Multiple news stories have been published about this year’s RSA Conference (RSAC). I won’t attempt to cover the same ground. Instead, I’ll give some overall impressions and highlights of talking with some of the vendors.
This was my first time at this event — something I was reminded of every day. Apparently, it’s a thing — they even gave me a “first year” pin (which I didn’t wear). But nonetheless, it was as constant a topic of conversation as the weather.
RSAC is the largest and most important cybersecurity event in the world, and it apparently counts for something if you’ve been before.
Overall, it seems like too many cybersecurity vendors jockeying for positions in too few open seats — a bit of musical chairs going on in the industry. Acquisitions, partnerships and failures continue as new defense mechanisms emerge to take center stage.
Antony Blinken and Hugh Thompson Keynotes
Secretary of State Antony Blinken, in his keynote address, spoke about the Biden administration’s “technical diplomacy” program, and how they are working with many other countries to ensure technology is used for positive purposes. Cybersecurity is of course a big concern in the international arena.
RSA Conference Chair Hugh Thompson, in his keynote, compared the cybersecurity role as analogous to a “lighthouse keeper,” remaining vigilant to protect organizations against potential cyber incidents. We can use the RSAC gathering to foster collaboration, he said, to keep our metaphorical coastline safe.
Down on the exhibit floor, however, the atmosphere was competitive. Over 600 exhibitors and dozens of early-stage companies engaged in serious jockeying for attention from the 41,000 attendees.
It was impossible to talk with all of them, of course. But I did speak with many vendors working to address critical cyber risks and vulnerabilities across the areas of network protection, data protection, and incident monitoring and remediation, among others.
Assessing the cybersecurity landscape helps you understand the protections available for your applications, and whether you might need one or more of them.
Anti-Scammer GenAI Bot
Generative AI is certainly on the top of everyone’s mind these days, and the approaches to adopting it for cybersecurity vary widely. Some questioned the relevance of GenAI to what they were doing, while others approached it with an almost complete embrace.
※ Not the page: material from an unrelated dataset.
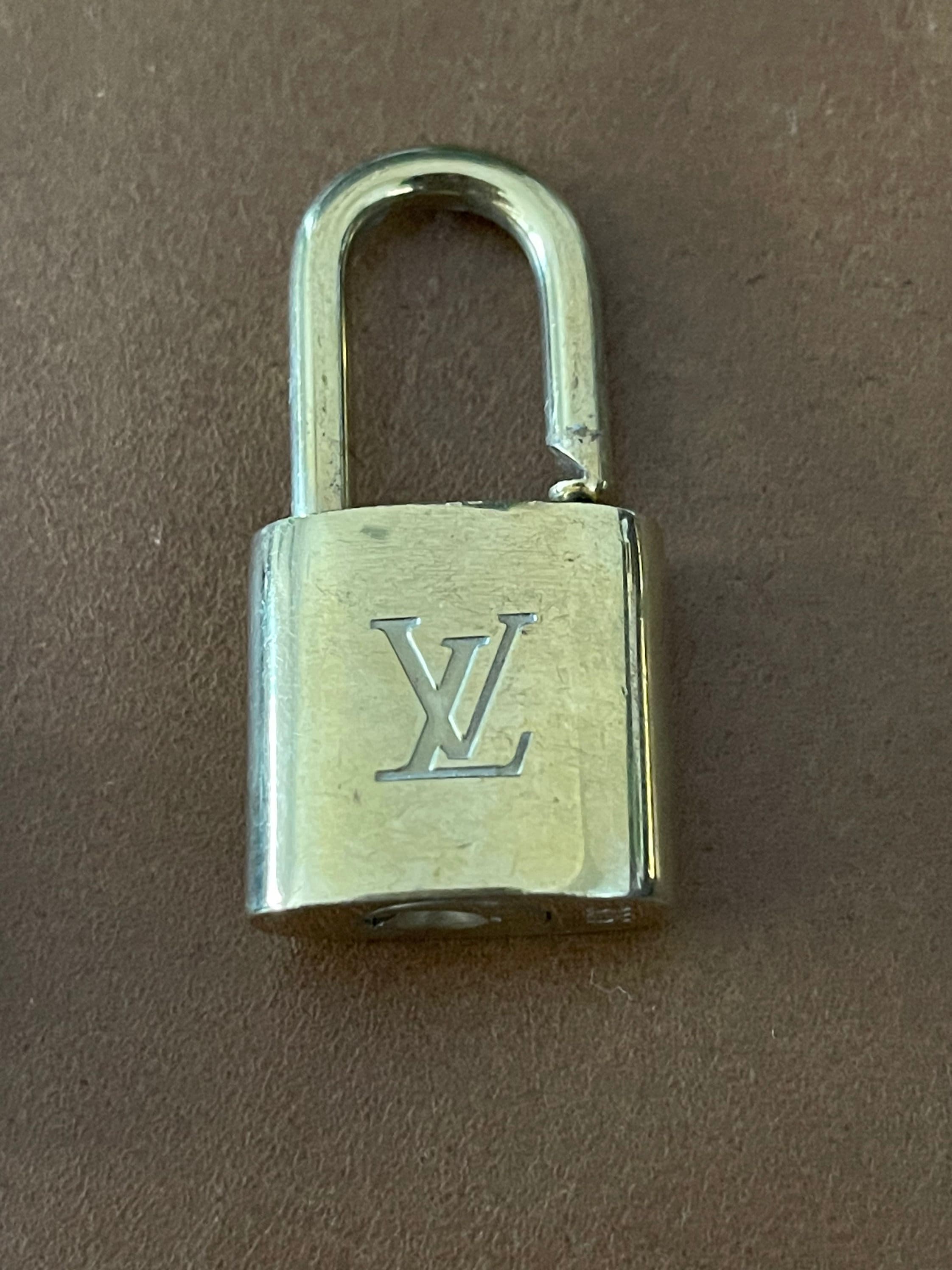 LOUIS VUITTON Polished Silver Lock and Key Set 140464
One of the most interesting approaches involving GenAI is the new Conversational Scam Intelligence Platform from Netcraft, a network threat detection and protection platform. (Almost everything is a “platform” of some kind, although the term has a widely varied meaning.)
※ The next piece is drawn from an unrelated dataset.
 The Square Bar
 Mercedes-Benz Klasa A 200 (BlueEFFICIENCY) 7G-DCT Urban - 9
The Conversational Scam Intelligence Platform uses GenAI bots to interact with and expose phishers, social engineering attackers and scammers who use one-on-one channels such as email and text to solicit victims.
Such attack channels are typically outside the scope of threat detection tools that protect bulk internet traffic, but are also one of the largest sources of break-ins and ransomware attacks — and of course, a source of significant consumer fraud.
Netcraft sets up honeypot profiles, email addresses and phone numbers to attract phishers and scammers. Netcraft’s GenAI bots converse with the attackers and scammers to discover what they are ultimately asking for so they can report the activities to the relevant authorities or financial institutions involved.
“At the start of the scam you don’t know what will happen at the end – whether you need to do anything about it or not. More than $5B in losses last year occurred through email and SMS fraud. This is the only way to detect it,” said Robert Duncan, Netcraft’s VP of Product Strategy.
GenAI Advice
Another interesting example of GenAI adoption, which is in line with what many vendors are doing, is providing a GenAI chat interface for recommendations and advice.
For example, Tines is a workflow platform that automates cybersecurity operational processes. According to Tines co-founder and CEO Eoin Hinchy, the company develops a new product feature by first looking at how people interact with it, rather than approaching it as a purely engineering problem.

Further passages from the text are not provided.